Faisant usage des pouvoirs qui lui sont conférés par le paragraphe 10 des Règles d’application, la Commission administrative a examiné les différents sites liés et constaté que le défendeur y prenait en effet une part active sous le pseudonyme “marlboro51” depuis de nombreuses années, et en toute hypothèse bien avant que le litige n’ait été porté à sa connaissance. Le fait que le pseudonyme soit parfois associé à une image du paquet de cigarettes du même nom ne remet pas en cause l’utilisation non commerciale faite par le défendeur, dans un cadre fort éloigné de toute utilisation qui pourrait prêter à confusion ou porter préjudice au titulaire de la marque.
La Commission administrative considère que au vu de sa décision concernant l’usage de mauvaise foi ci-dessous, il n’est pas nécessaire de formuler une conclusion sous cette condition des Principes directeurs.
Selon le paragraphe 4(a)(iii) des Principes directeurs, la partie requérante doit démontrer que le défendeur a enregistré et qu’il utilise le nom de domaine litigieux de mauvaise foi.
L’enregistrement de mauvaise foi présuppose que le défendeur connaissait la marque détenue par le requérant. En l’espèce, il ne fait aucun doute que le défendeur connaissait pertinemment la marque MARLBORO lorsqu’il a procédé à l’enregistrement du nom de domaine litigieux; preuve en est du reste le fait qu’il apparaît sur certains forums de discussion en associant son pseudonyme à un paquet de cigarettes de ladite marque.
En revanche, pour les raisons exposées ci-dessous, cette connaissance ne suffit pas, selon la Commission administrative, à établir la mauvaise foi du défendeur.
Contrairement aux allégations du requérant, il n’apparaît pas que le nom de domaine litigieux serait exploité dans le but d’en retirer des profits commerciaux; la simple présence d’une bannière publicitaire sur un forum de discussion auquel renvoie le site rattaché au nom de domaine litigieux ne saurait être considéré comme une utilisation commerciale du nom de domaine litigieux lui-même, tant les liens apparaissent ténus avec une bannière publicitaire figurant en réalité sur un autre site.

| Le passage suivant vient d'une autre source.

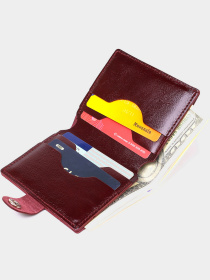 Портмоне Shvigel модель bag24_16505 Фото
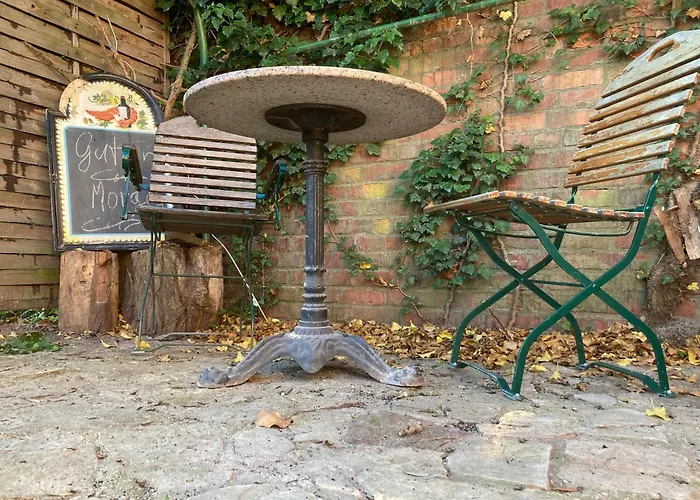 Nyaraló Gaestehaus Geiseltalsee *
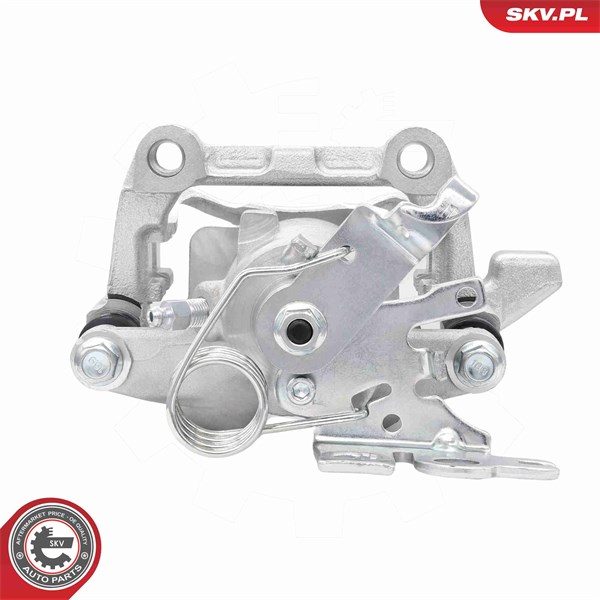 Jarrusatula, Taka-akseli, oikea ESEN SKV ESEN SKV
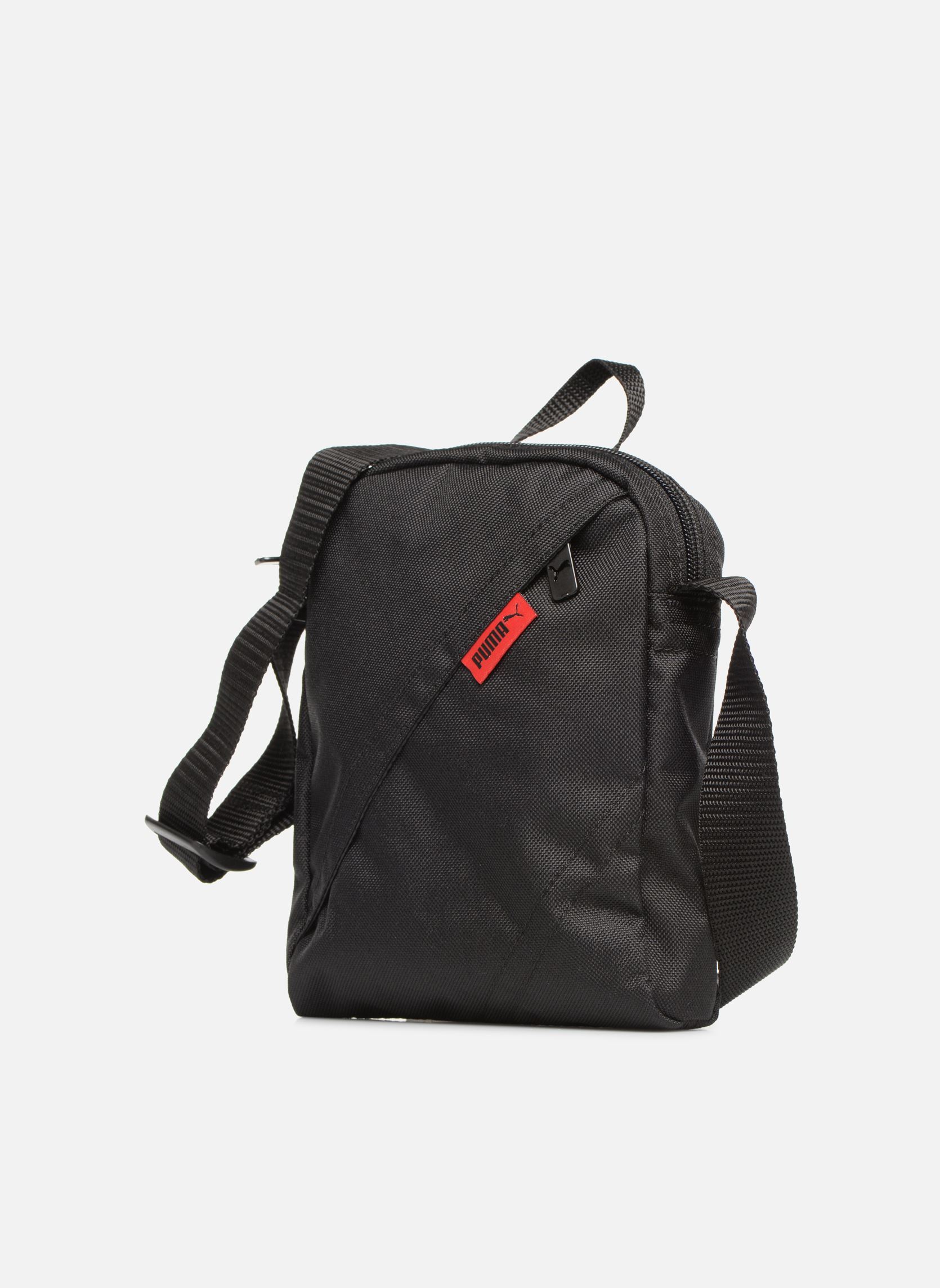Sac Bandoulière Eagle Creek Noir – Toile Utilitaire – Unisexe – Occasion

Contrairement aux allégations du requérant, le fait que le défendeur soit parfois identifié par les internautes par son prénom ne change rien au fait que le défendeur lui-même apparaît systématiquement et publie systématiquement dans le cadre de ces forums sous son pseudonyme, même s’il signe parfois les messages eux-mêmes de son prénom.
En soi, il n’apparaît dès lors pas que le défendeur, qui a enregistré le nom de domaine litigieux en 2008 pour lister les forums de discussion favoris auxquels il prend part sous le pseudonyme “marlboro51” depuis de nombreuses années, fasse une utilisation de mauvaise foi du nom de domaine litigieux.
Partant, la Commission administrative considère que dans les circonstances du dossier les conditions posées par le paragraphe 4(a)(iii) des Principes directeurs ne sont pas réalisées.
Pour les raisons précédentes, conformément aux paragraphes 4(i) des Principes directeurs et 15 des Règles d’application, la Commission administrative rejette la plainte déposée par le requérant.